Package 'cABCanalysis'

Title: Computed ABC Analysis
Description: Identify the most relative data points by dividing a numeric data set into three classes A, B, and C, where class A items are the "import few", class C items are the "trivial many" with class B items being something in between, resembling the idea of the Pareto principle. This ABC classification is done using an ABC curve, which plots cumulative "Yield" against "Effort", similar to a Lorenz curve. Class borders are then precisely mathematically defined on that curve, aiding in interpretation. Based on: Ultsch A, Lotsch J (2015) "Computed ABC Analysis for rational Selection of most informative Variables in multivariate Data". PLoS ONE 10(6): e0129767. <doi:10.1371/journal.pone.0129767>.
Authors: Jorn Lotsch [aut] (ORCID: <https://orcid.org/0000-0002-5818-6958>), André Himmelspach [aut, cre] (ORCID: <https://orcid.org/0009-0009-9857-227X>)
Maintainer: André Himmelspach <[email protected]>
License: GPL-3
Version: 1.0
Built: 2026-06-05 06:13:58 UTC
Source: https://github.com/andrehdev/cabc_analysis

Help Index


ABC Classification

Description

Divides a numeric dataset into three classes (A, B, and C) using ABC analysis. The classification is based on geometric properties of the ABC curve and identifies regions of high, balanced, and low efficiency. Class interpretation:

A: Low effort, high yield (Pareto items)
B: Balanced effort and yield
C: High effort, low yield (submarginal items)

Usage

cABC_analysis(Data, PlotIt = FALSE, useGGPlot = TRUE)

Arguments

Data

Positive numeric vector which is not uniformly distributed. If matrix or dataframe then the first column will be used.

PlotIt

Logical. If TRUE, an ABC plot is generated.

useGGPlot

Logical, default TRUE. If TRUE a ggplot2 plot is produced; if FALSE a base-R plot is produced. Only relevant when PlotIt = TRUE.

Details

Calculation of Boundaries is done on the ABC Curve (see cABC_curve) with:

Pareto Point: The point with minimal distance to (0,1) -> A|B Boundary
Breakeven Point: The point where slope equals to 1
Juren Point: The point with minimal distance to (BreakevenPoint_x,1) -> B|C Boundary

For more calculation details see: Ultsch A, Lotsch J (2015) "Computed ABC Analysis for rational Selection of most informative Variables in multivariate Data". PLoS ONE 10(6): e0129767. <doi:10.1371/journal.pone.0129767>.

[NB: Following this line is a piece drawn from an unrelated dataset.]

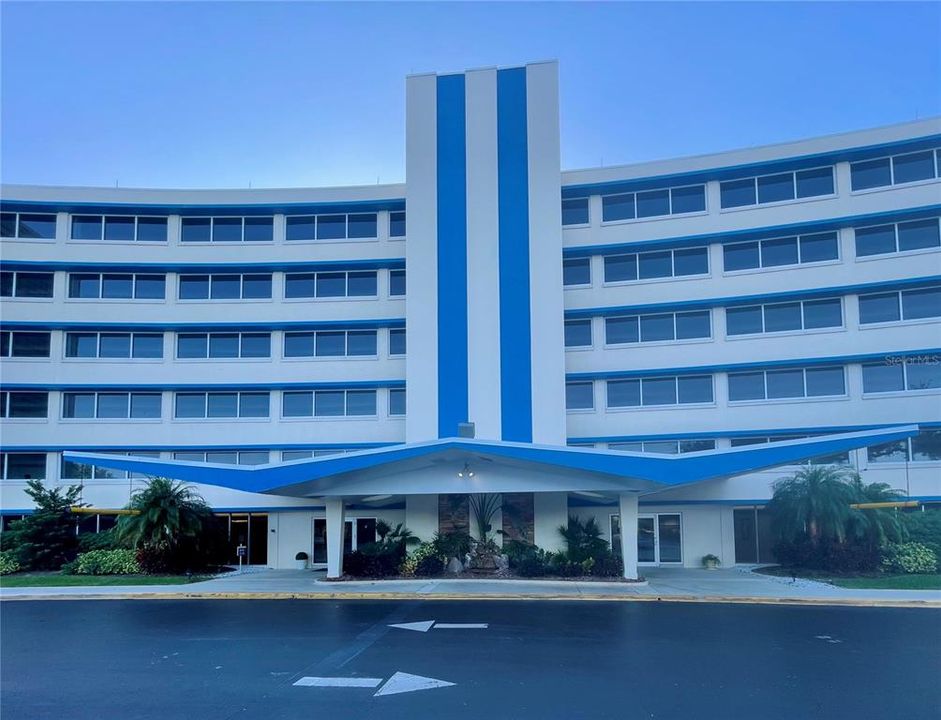 На продажу: $199,900 (2 спален, 2 ванн, 1038 Квадратных фут)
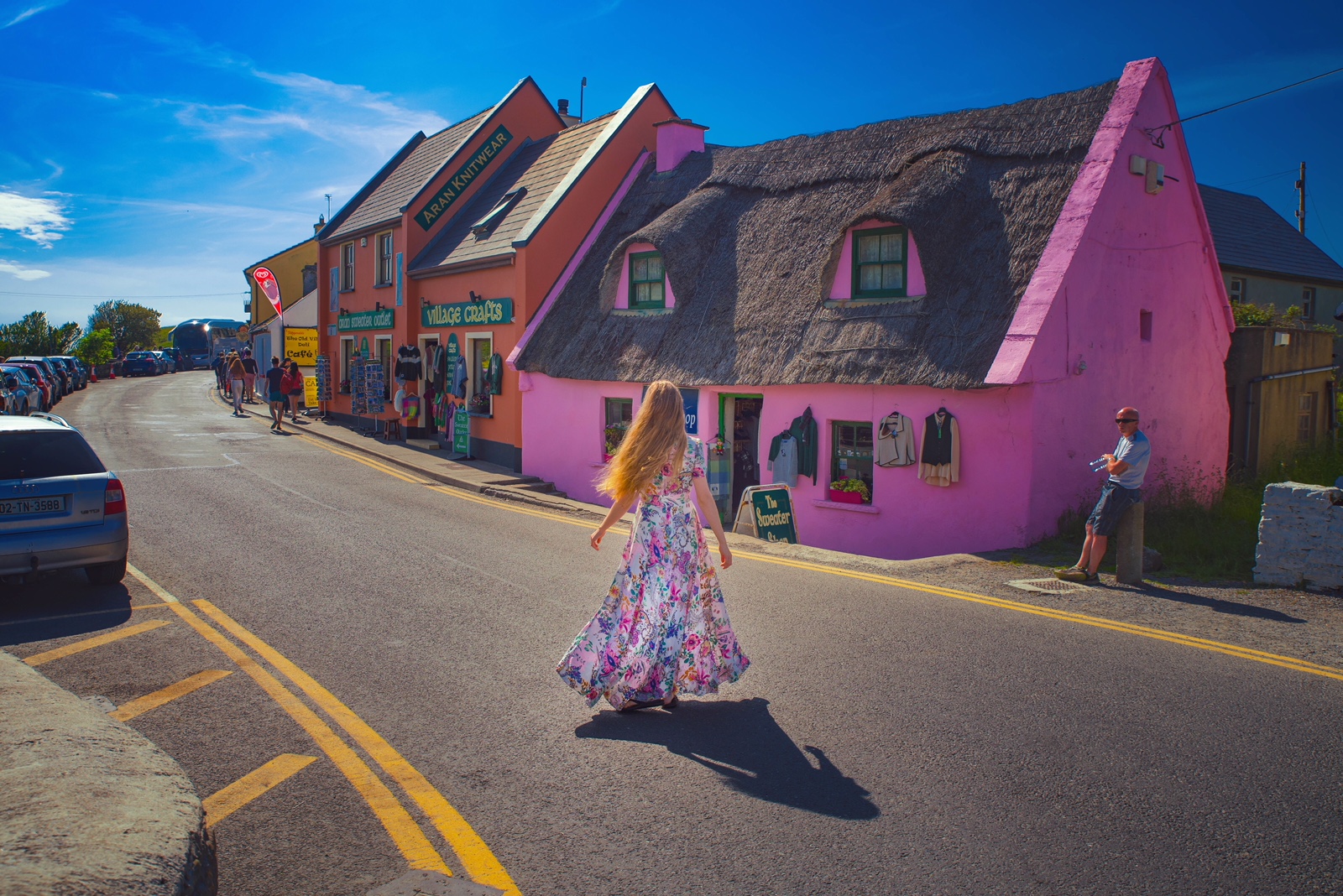 things to do in Doolin pink house VJ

Data cleaning: Before classification, non-numeric values and NAs are coerced to 0, negative values are set to 0. A warning is issued when items are converted. If a matrix or data frame is supplied, only the first column is used.

Degenerate inputs (single point, all-identical values, very small datasets) are caught before curve fitting, see cABC_handle_specials for the full behavior. Boundary duplicate values that span two classes after classification are resolved by cABC_postprocess_classes. In both cases a warning is issued when a special case is triggered.

Value

A list containing:

Aind, Bind, Cind

Integer vectors of indices (into the original Data) for items assigned to classes A, B, and C respectively. In special-case returns (single point or all-identical), only Aind is populated; Bind and Cind are integer(0).

ABexchanged

Logical; TRUE if the Pareto point and Break-even point were swapped to maintain coordinate logic (i.e. the Break-even point was to the left of the Pareto point on the curve).

A, B, C

c(x, y) coordinates for the Pareto point (A), the Break-even point (B), and the Submarginal point (C). NULL in special-case returns.

smallestAData

Cumulative yield at the boundary of Class A. NULL in special-case returns.

smallestBData

Cumulative yield at the boundary of Class B. NULL in special-case returns.

AlimitIndInInterpolation

Index of the A boundary in the interpolated [p, ABC] curve. NULL in special-case returns.

BlimitIndInInterpolation

Index of the C boundary in the interpolated [p, ABC] curve. NULL in special-case returns.

p

Numeric vector of effort values (x-axis) of the interpolation curve. NULL in special-case returns.

ABC

Numeric vector of yield values (y-axis) of the interpolation curve. NULL in special-case returns.

ABLimit

Data value closest to the threshold separating Class A from Class B. NULL in special-case returns.

BCLimit

Data value closest to the threshold separating Class B from Class C. NULL in special-case returns.

Author(s)

André Himmelspach (01/2026)

Examples

data("SwissInhabitants")
abc <- cABC_analysis(SwissInhabitants, PlotIt = TRUE)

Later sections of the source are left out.